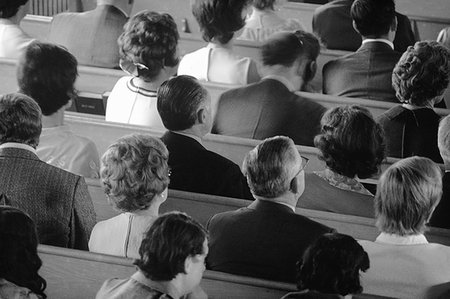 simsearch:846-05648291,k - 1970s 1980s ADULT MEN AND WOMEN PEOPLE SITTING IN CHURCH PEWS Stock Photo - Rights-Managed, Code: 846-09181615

==

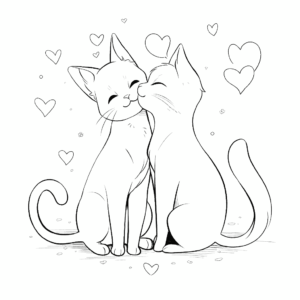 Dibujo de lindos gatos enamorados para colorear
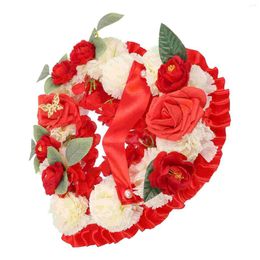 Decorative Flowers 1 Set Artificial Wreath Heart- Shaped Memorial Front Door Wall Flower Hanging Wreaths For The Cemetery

--

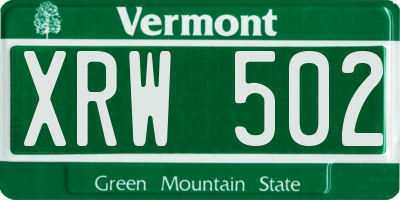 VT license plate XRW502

HOW TO COMPLETE THIS TASK ▸ The copy should hold exactly the lines above from the one with "Dibujo de lindos" through the one with "Decorative Flowers 1", both ends counted, and no pictures at all.

COMPLETED TASK ▸
 Dibujo de lindos gatos enamorados para colorear
 Decorative Flowers 1 Set Artificial Wreath Heart- Shaped Memorial Front Door Wall Flower Hanging Wreaths For The Cemetery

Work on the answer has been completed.